Extracted records
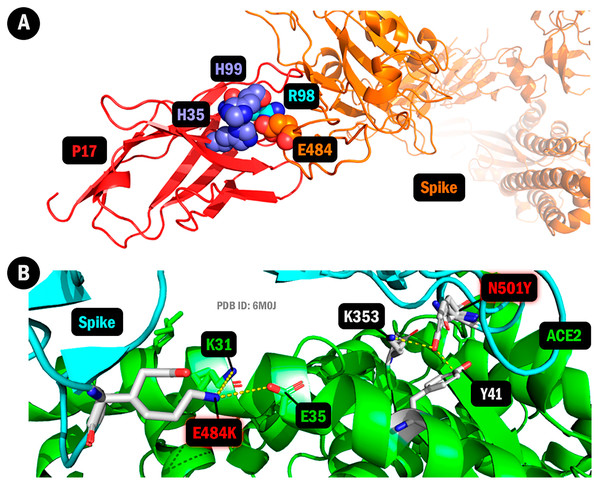 Changes in protein structure caused by amino acid substitutions (Gamma lineage, P17 antibody, and ACE2).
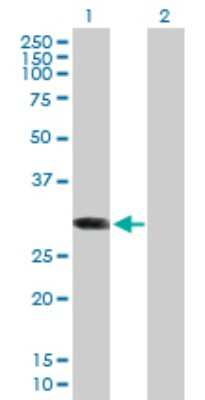 Western Blot: ABCC10 Antibody [H00089845-B01P] - Analysis of ABCC10 expression in transfected 293T cell line by ABCC10 polyclonal antibody.  Lane 1: ABCC10 transfected lysate(31.02 KDa). Lane 2: Non-transfected lysate.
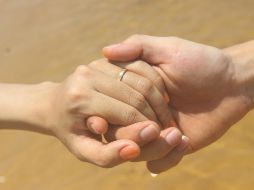 El video no deja de viralizarse y abre el debate sobre si realmente fue cierto o es un montaje. ESPECIAL / Foto de Nguyễn Tân en Unsplash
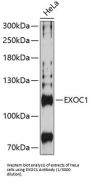 Exocyst Complex Component 1 (EXOC1) Antibody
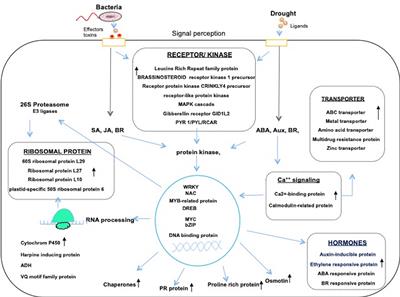 Cross-Talk Signaling in Rice During Combined Drought and Bacterial Blight Stress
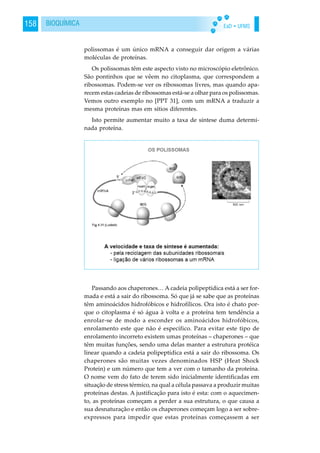 EaD • UFMS158 BIOQUÍMICA
polissomas é um único mRNA a conseguir dar origem a várias
moléculas de proteínas.
Os polissomas têm este aspecto visto no microscópio eletrônico.
São pontinhos que se vêem no citoplasma, que correspondem a
ribossomas. Podem-se ver os ribossomas livres, mas quando apa-
recem estas cadeias de ribossomas está-se a olhar para os polissomas.
Vemos outro exemplo no [PPT 31], com um mRNA a traduzir a
mesma proteínas mas em sítios diferentes.
Isto permite aumentar muito a taxa de síntese duma determi-
nada proteína.
Passando aos chaperones… A cadeia polipeptídica está a ser for-
mada e está a sair do ribossoma. Só que já se sabe que as proteínas
têm aminoácidos hidrofóbicos e hidrofílicos. Ora isto é chato por-
que o citoplasma é só água à volta e a proteína tem tendência a
enrolar-se de modo a esconder os aminoácidos hidrofóbicos,
enrolamento este que não é específico. Para evitar este tipo de
enrolamento incorreto existem umas proteínas – chaperones – que
têm muitas funções, sendo uma delas manter a estrutura protéica
linear quando a cadeia polipeptídica está a sair do ribossoma. Os
chaperones são muitas vezes denominados HSP (Heat Shock
Protein) e um número que tem a ver com o tamanho da proteína.
O nome vem do fato de terem sido inicialmente identificadas em
situação de stress térmico, na qual a célula passava a produzir muitas
proteínas destas. A justificação para isto é esta: com o aquecimen-
to, as proteínas começam a perder a sua estrutura, o que causa a
sua desnaturação e então os chaperones começam logo a ser sobre-
expressos para impedir que estas proteínas começassem a ser
 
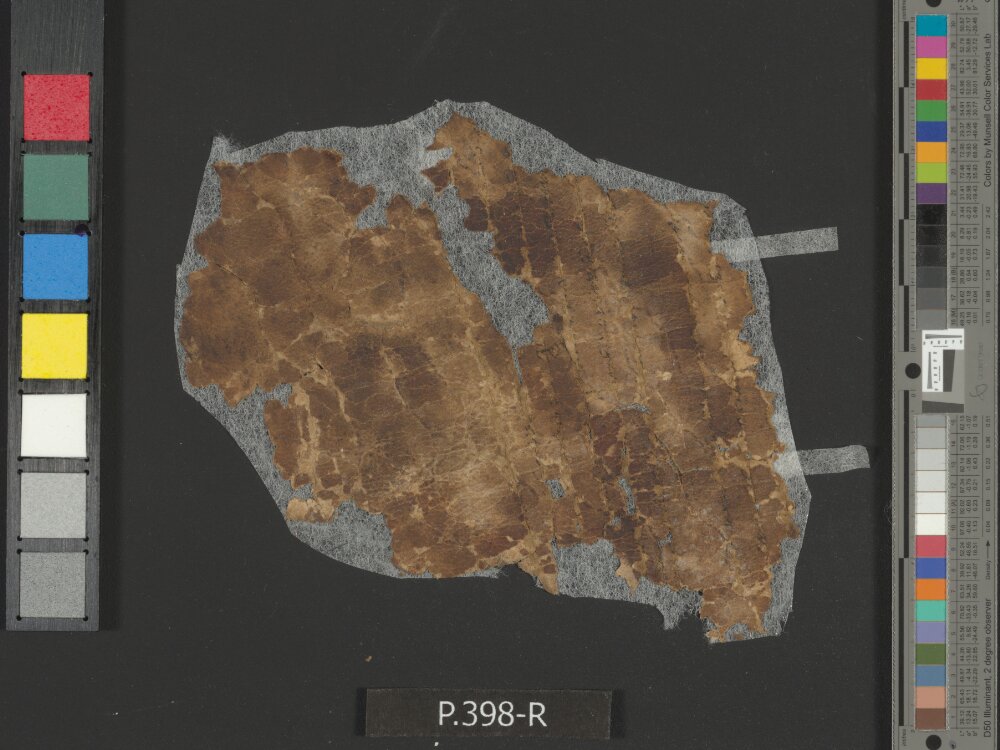 4QpaleoGenesis-Exodus l showing Exodus 27:7 from Late 2nd Century BC – Late 1st Century BC found in Qumran, Cave 4, currently housed at Rockefeller Museum, Jerusalem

_WHAT THIS TASK INVOLVES_
Each line from the one holding "nada proteína." to the end of the records above must be copied exactly; the pictures must not be copied.

_SOLUTION_
nada proteína.
Passando aos chaperones… A cadeia polipeptídica está a ser for-
mada e está a sair do ribossoma. Só que já se sabe que as proteínas
têm aminoácidos hidrofóbicos e hidrofílicos. Ora isto é chato por-
que o citoplasma é só água à volta e a proteína tem tendência a
enrolar-se de modo a esconder os aminoácidos hidrofóbicos,
enrolamento este que não é específico. Para evitar este tipo de
enrolamento incorreto existem umas proteínas – chaperones – que
têm muitas funções, sendo uma delas manter a estrutura protéica
linear quando a cadeia polipeptídica está a sair do ribossoma. Os
chaperones são muitas vezes denominados HSP (Heat Shock
Protein) e um número que tem a ver com o tamanho da proteína.
O nome vem do fato de terem sido inicialmente identificadas em
situação de stress térmico, na qual a célula passava a produzir muitas
proteínas destas. A justificação para isto é esta: com o aquecimen-
to, as proteínas começam a perder a sua estrutura, o que causa a
sua desnaturação e então os chaperones começam logo a ser sobre-
expressos para impedir que estas proteínas começassem a ser
 
 4QpaleoGenesis-Exodus l showing Exodus 27:7 from Late 2nd Century BC – Late 1st Century BC found in Qumran, Cave 4, currently housed at Rockefeller Museum, Jerusalem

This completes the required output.